Иначе говоря, я была возмущена не столько тем, что Томас скрыл от меня правду и навлек на нас с сыном беду, исчезнув на долгое время, когда был мне так нужен, сколько тем, что он позволил своим чертам начать размываться и блекнуть. А еще, должна признаться, я боялась его реакции, когда он снова увидит меня, – реакции в самом плотском, самом вульгарном смысле, как если бы мне предстояло снова завоевать его и сразу же заставить забыть аромат или дурной запах другой женщины либо других женщин, их ухоженность или неопрятность, мягкую или шершавую кожу, упругое или рыхлое тело, красоту или невзрачность, заставить забыть тех женщин, которые, вероятно, были с ним и к которым он так или иначе привык – и это в лучшем для меня случае.
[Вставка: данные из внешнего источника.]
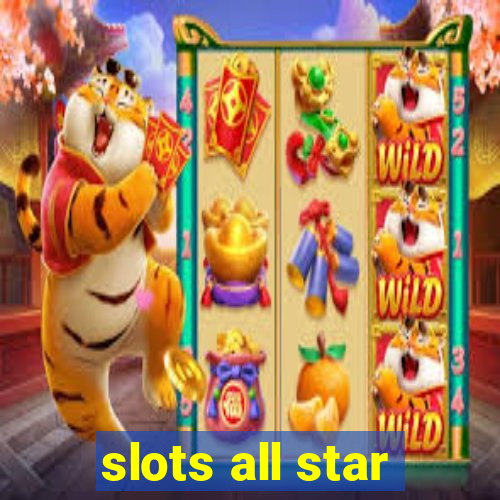 slots all star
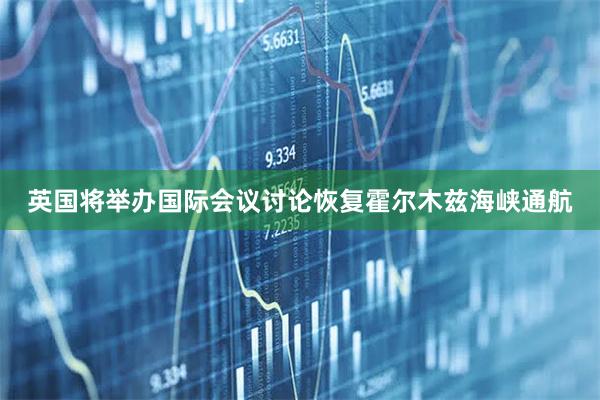 英国将举办国际会议讨论恢复霍尔木兹海峡通航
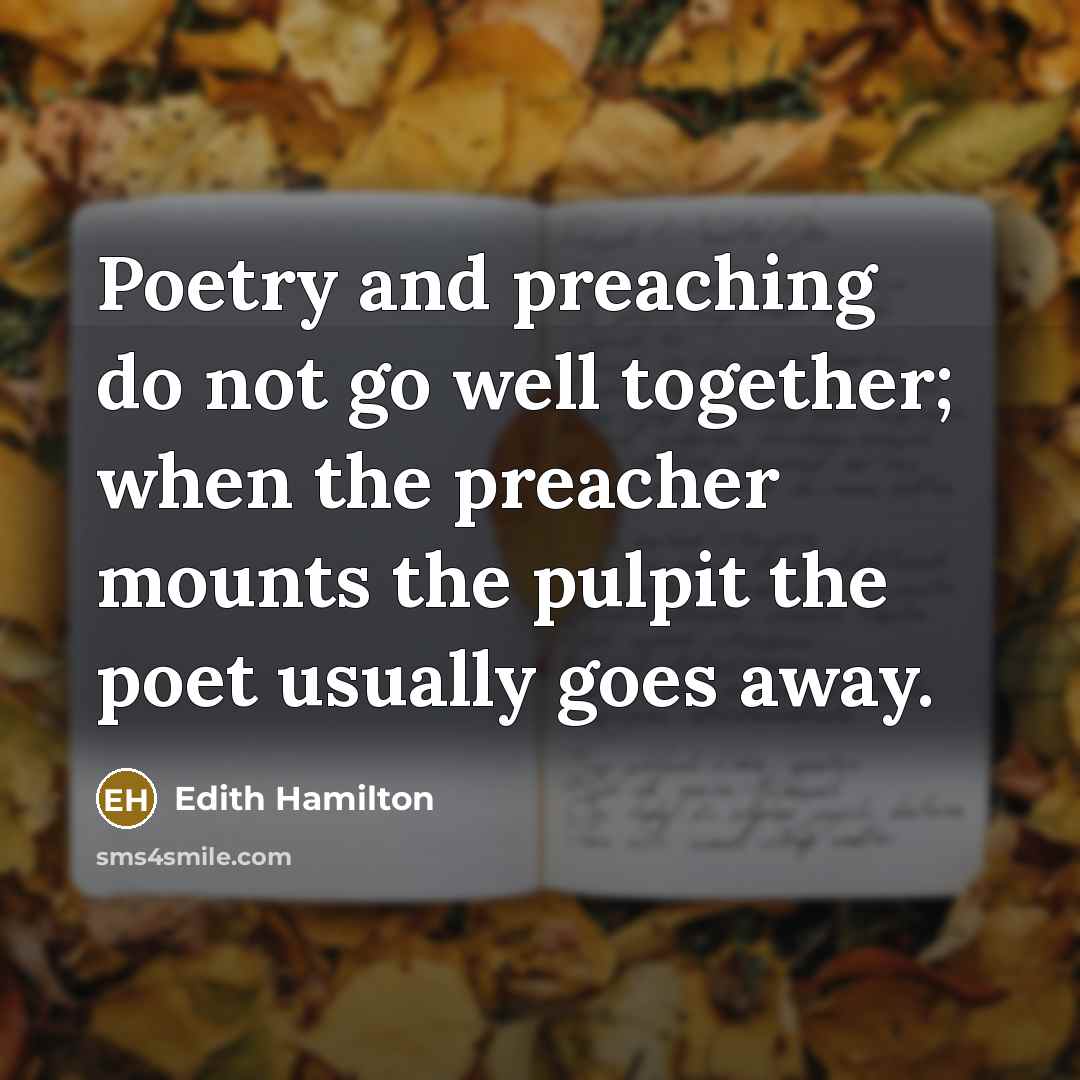 “Poetry and preaching do not go well together; when the…” quote by Edith Hamilton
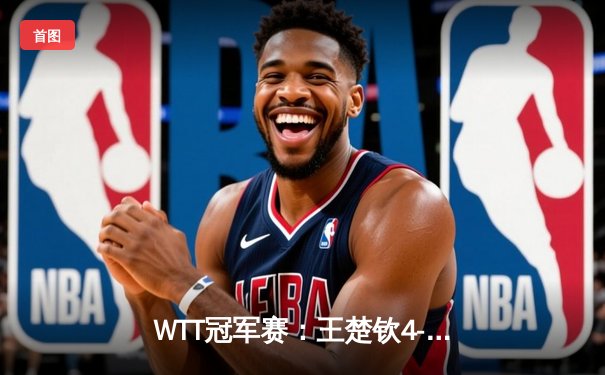 WTT冠军赛：王楚钦4-3险胜樊振东夺冠，国乒双子星奉献史诗级对决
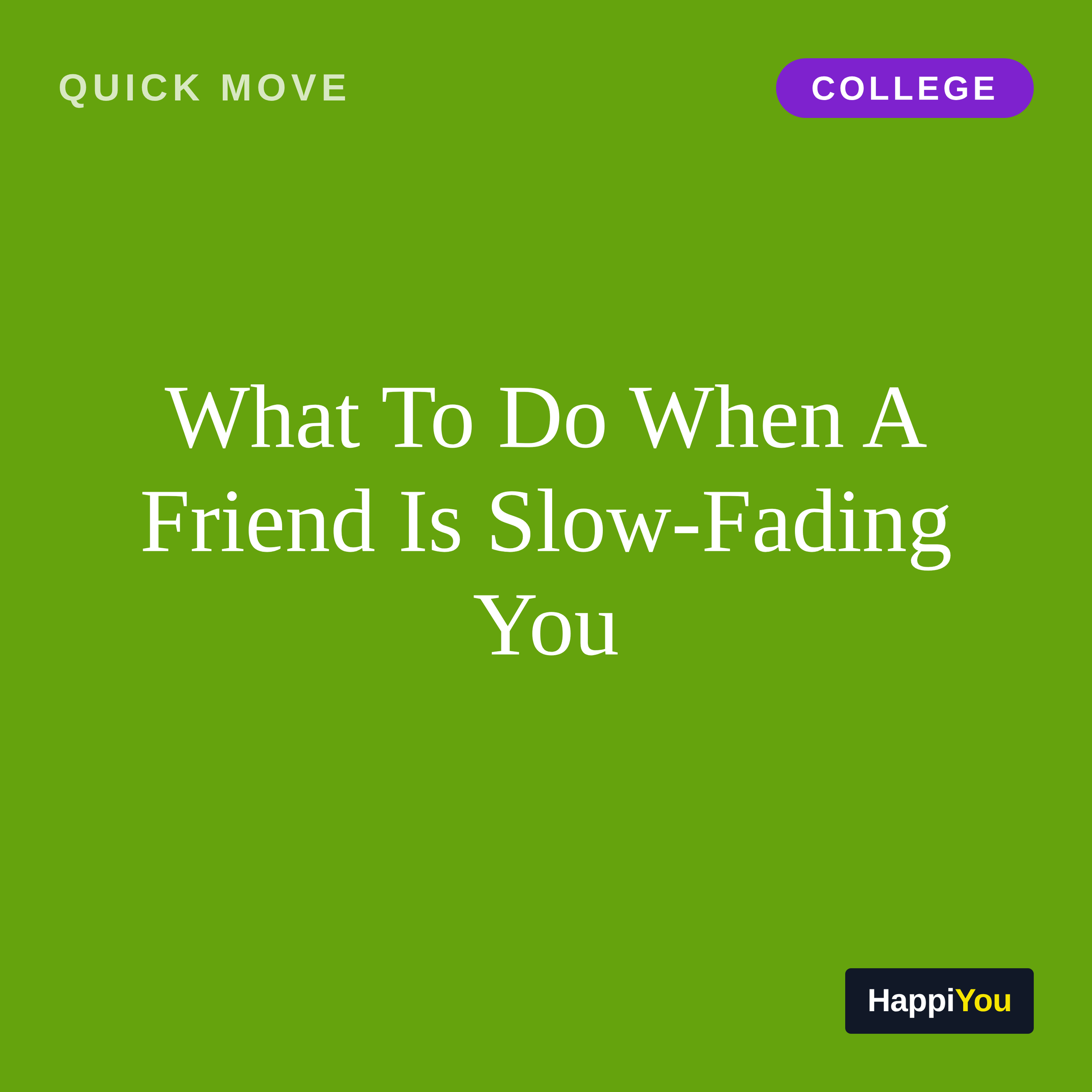 What To Do When A Friend Is Slow-Fading You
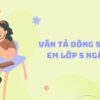 Chọn lọc 30+ bài văn tả dòng sông quê em lớp 5 ngắn gọn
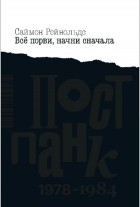 Саймон Рейнольдс - Всё порви, начни сначала. Постпанк 1978-1984 гг.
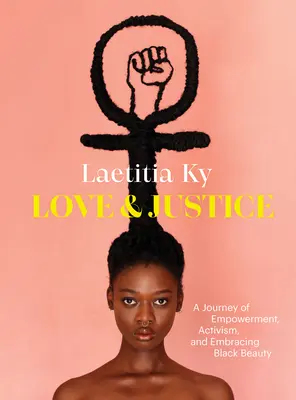 Miłość i sprawiedliwość: Podróż ku wzmocnieniu, aktywizmowi i przyjęciu czarnego piękna - Love and Justice: A Journey of Empowerment, Activism, and Embracing Black Beauty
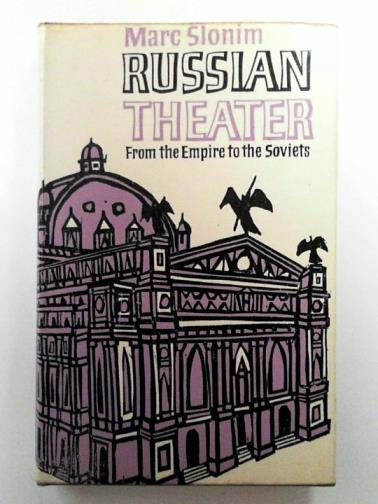 SLONIM, Marc - Russian theatre from the Empire to the Soviets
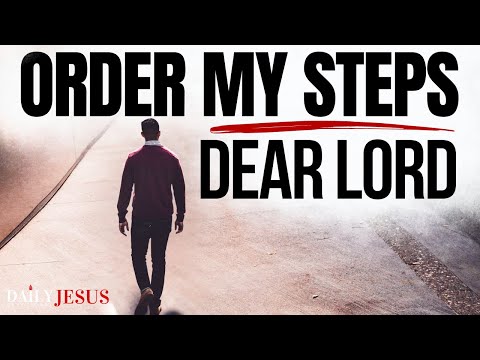 How Does God Order Your Steps (Morning Devotional And Prayer)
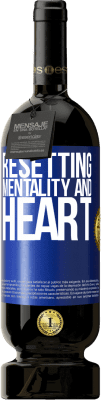 49,95 € Free Shipping | Red Wine Premium Edition MBS® Reserve Resetting mentality and heart Blue Label. Customizable label Reserve 12 Months Harvest 2015 Tempranillo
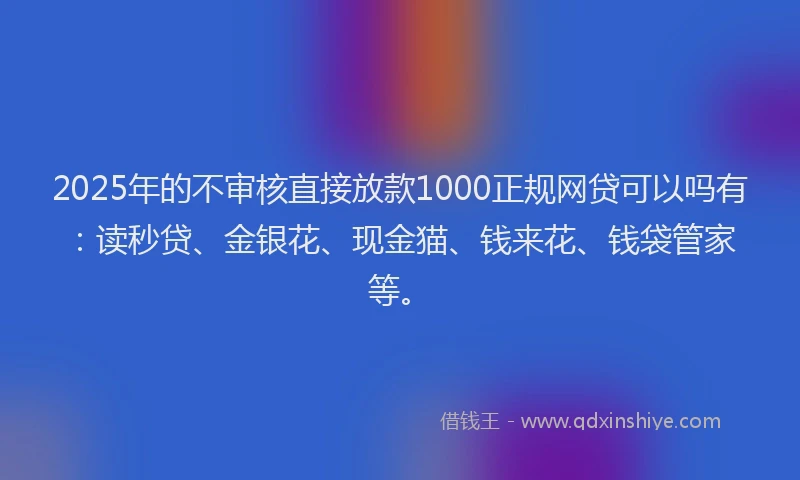 2025年的不审核直接放款1000正规网贷可以吗有：读秒贷、金银花、现金猫、钱来花、钱袋管家等。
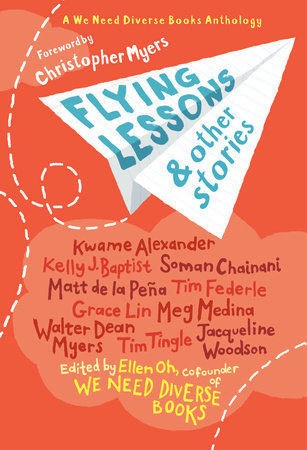 Flying Lessons & Other Stories by Kwame Alexander, Kelly J. Baptist, Soman Chainani, Matt de la Peña, Grace Lin, Meg Medina, Tim Tingle and Jacqueline Woodson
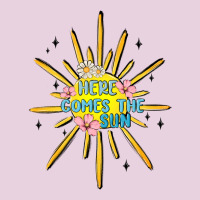 Here Comes The Sun Ladies Tee | Teevron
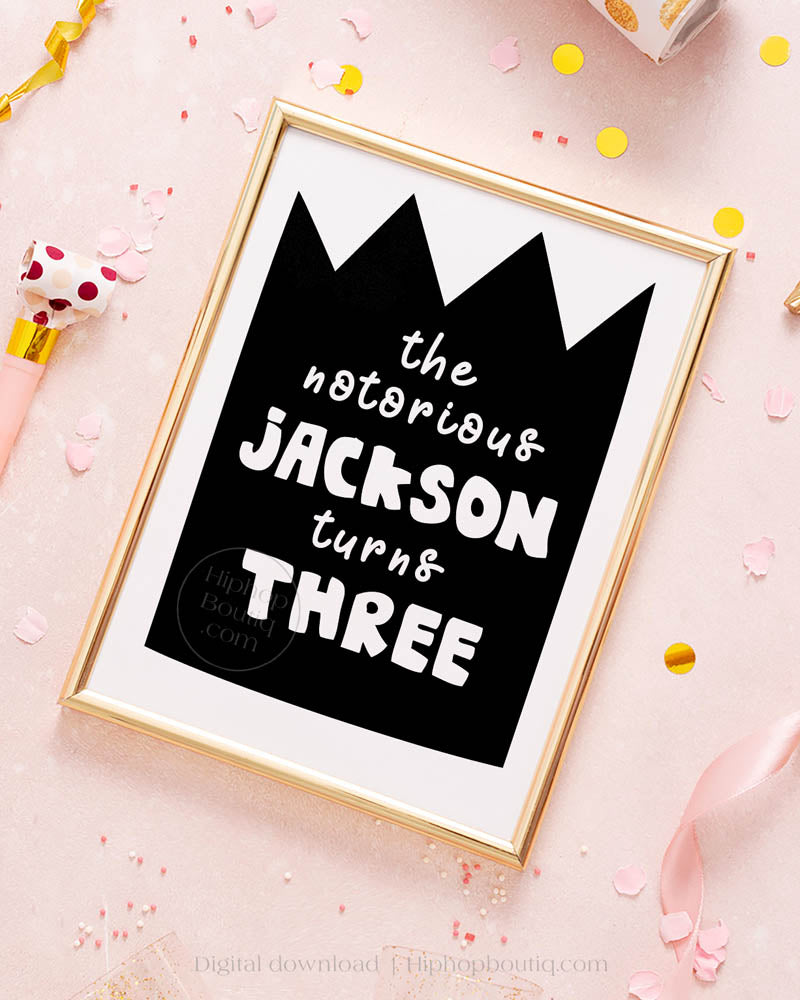The Notorious Turns Three Editable Birthday Sign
Я промокла до нитки и окончательно погубила туфли – этот вечер они еще выдержат, но потом придется их выкинуть; я то и дело словно в горячке выскакивала под ливень, открывала и закрывала балконную дверь, опять и опять призывая его: “Приди же наконец, приди, где ты? Они не могли задержать тебя в самый последний миг, ты не мог опоздать на самолет, не мог отложить возвращение, ты не можешь хотя бы еще на день исчезнуть из моей жизни, я ведь и так тебя уже почти не помню”. Я пошла в спальню, где имелось зеркало в полный рост, и осмотрела себя. В припадке неуверенности или, наоборот, самоуверенности (они часто означают одно и то же, сосуществуя – или скорее споря между собой) я решила, что мне очень даже идет быть вот такой мокрой, если учесть, какие мысли вдруг мною овладели – самые чувственные и грешные. Блузка стала прозрачной, юбка смялась, немного задралась и прилипла к бедрам и ягодицам. Я разглядывала себя, повернувшись в профиль, как посмотрел бы на них мужчина, – не без откровенной похоти. С волосами было хуже, но бог с ними, с волосами, они придавали мне несколько нелепый, всклокоченный вид, хотя, пожалуй, так будет даже лучше, так будет проще выдержать соперничество. Теперь я боялась высохнуть раньше времени, боялась, что дождь прекратится, хотя тотчас почувствовала себя еще и униженной, почувствовала, что веду себя смешно, и больше всего меня огорчило это слово (или только мысль) – “соперничество”. Почему у меня возникло такое чувство, почему я заподозрила угрозу именно с той стороны, когда на самом деле подлинная угроза заключалась совсем в другом и была бесконечно более серьезной, касаясь не меня одной, а нас троих? И тем не менее именно это больше всего заботило меня тогда, казалось самым важным.